De acordo com Fischer (1998), no período de escassez de chuvas, as chamadas necessidades aumentam e comprometem a própria sobrevivência da família sertaneja nordestina, especialmente no que se refere ao suprimento alimentar. Ao atingir tal estágio, a necessidade adquire a conotação de fome, que, amenizada pela rede de solidariedade entre os iguais, é novamente considerada pela família do produtor rural do Sertão nordestino como necessidade básica. Esse processo de solidariedade ocorre através da distribuição do pouco alimento que existe na comunidade ou rede de parentesco, e aquele que dispõe de algum quantum de alimento, socorre quem nada tem para cozinhar. Assim, é através desse arranjo que a solidariedade caricatura a fome, dando-lhe novamente a conotação de necessidade, a qual, em sentido simbólico, pode significar muitas coisas juntas.
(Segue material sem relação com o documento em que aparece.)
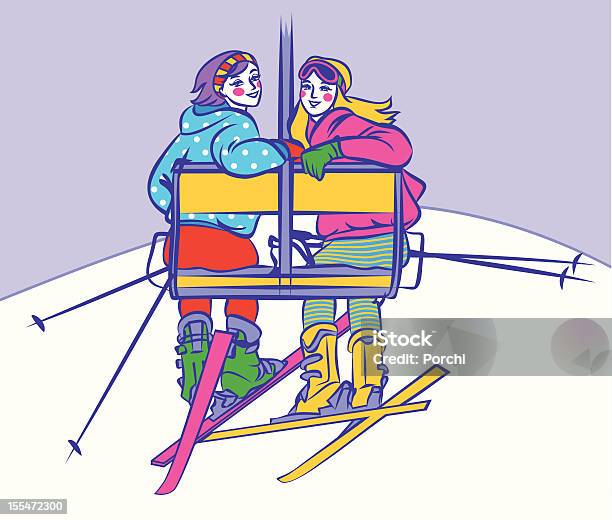 Filles Sur Un Télésiège Vecteurs libres de droits et plus d'images vectorielles de Femmes - Femmes, Paire de skis, Adolescence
Dessa forma, a fome somente se caracterizaria como tal no caso de morte por inanição, isto é, quando atinge o indivíduo na sua totalidade e alcança o patamar classificado por Josué de Castro (1980) de epidemia de fome coletiva, que afeta indistintamente a todos.

Na família estudada do Semi-Árido, segundo Fischer (1998), as necessidades não passam pelo crivo do planejamento, mas, sem dúvida, obedecem a uma administração rigorosa. Nessa administração, homens e mulheres têm papéis diferenciados, pois cabe ao elemento feminino enfrentar a difícil tarefa de gerenciar o alimento consumido no cotidiano, enquanto o homem tem a pesada função econômico-social de produzir e distribuir os gêneros alimentícios.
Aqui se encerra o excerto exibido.